E’ notte e la telefonata della mia amica G. arriva puntuale come un orologio. A disallineare giorni ordinati a fatica. Bastano cinque secondi di silenzio ed è già chiaro tutto.
A volte abbiamo così paura che qualcosa di meraviglioso si rovini che finiamo per rovinarlo noi. E’ come se, convinti dell’inevitabile, decidessimo di provocare volontariamente un disastro. Finché ci siamo, in mezzo alla tormenta, non ce ne rendiamo mica conto. E’ quando cala il vento, la neve ha ricoperto gli alberi e rimane solo un freddo glaciale che ci accorgiamo che non c’è più niente.
Cammino lentamente mentre capisco che è impossibile riempire il silenzio di chi sento dall’altra parte. Posso solo accoglierlo, respirando per far sentire che ci sono, ma senza spazzarne via la dignità con insopportabili luoghi comuni. Per una volta non so davvero cosa dirle.
Sono passate le due quando torno a casa e stasera spero davvero che T. sia alzata. Spero di aprire la porta e vedere la luce nel corridoio sentendo piano la musica che si diffonde per la casa.

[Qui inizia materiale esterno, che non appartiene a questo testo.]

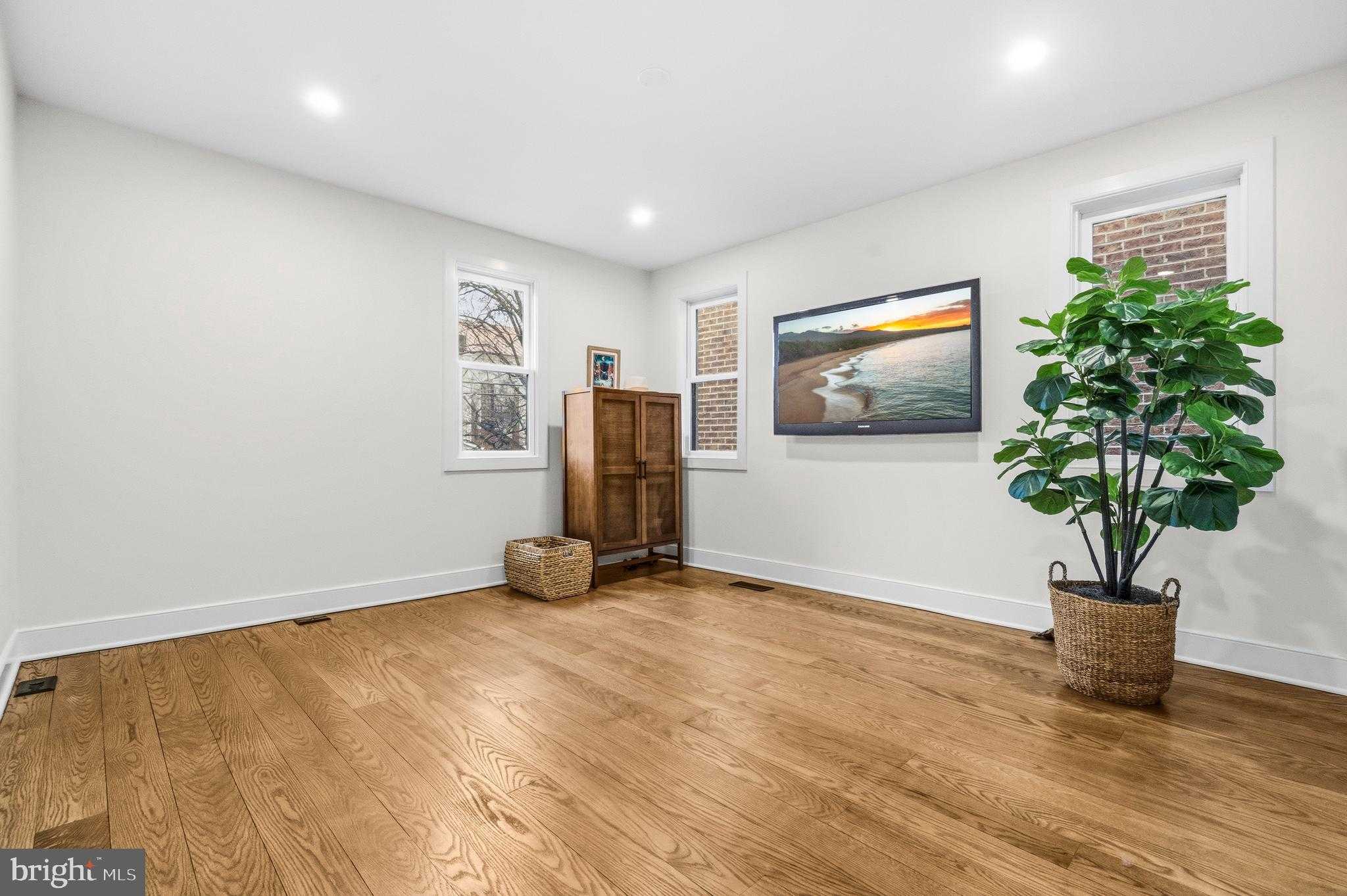 1011 DUKE STREET photo 18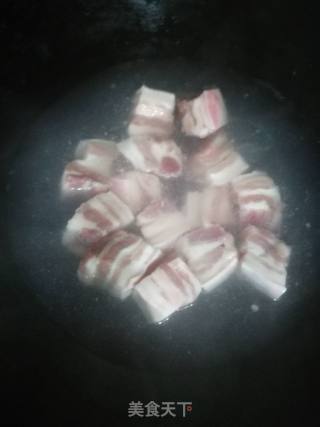 板栗红烧肉的做法步骤：1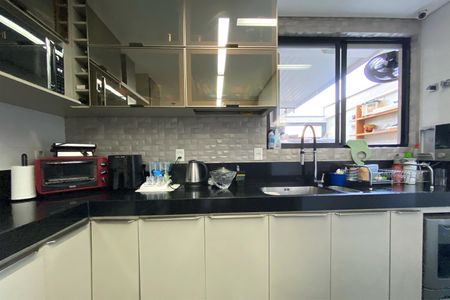 Apartamento à venda com 238m², 4 quartos e 5 vagas Apartamento à venda com 238m², 4 quartos e 5 vagasCozinha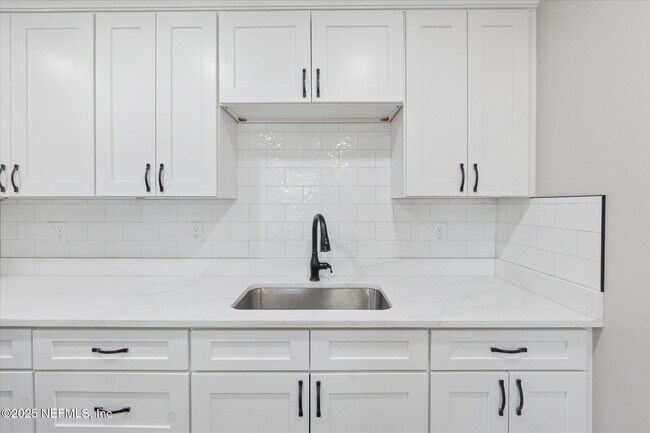 Building Photo - 863 Westgate Dr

Giro la chiave e poi aspetto qualche secondo prima di entrare. La voce di T. anticipa ogni altra azione.
“Hey”
Sorrido.
Mentre entro la vedo alzarsi dalla scrivania e venirmi incontro stiracchiandosi.
“I’m still up”.
Lentamente, comincio a parlare.
E’ bello, spesso, usare un’altra lingua. Ti permette di prendere distanza. E magari intuire che c’è una via d’uscita da suggerire, un po’ meno scontata delle altre. Le parole si mescolano al profumo di Apple Crisp che si è sparso per tutto l’appartamento.
C’è calore e ce n’è davvero bisogno.
Se lo senti, forse riuscirai anche a trasmetterlo. Bisogna aiutare G. a sciogliere un po’ di tutta quella neve. E da qualche parte bisogna iniziare.
Musica: stavolta è troppo bassa per riuscire a sentirla. Che qualcuno la alzi, per favore.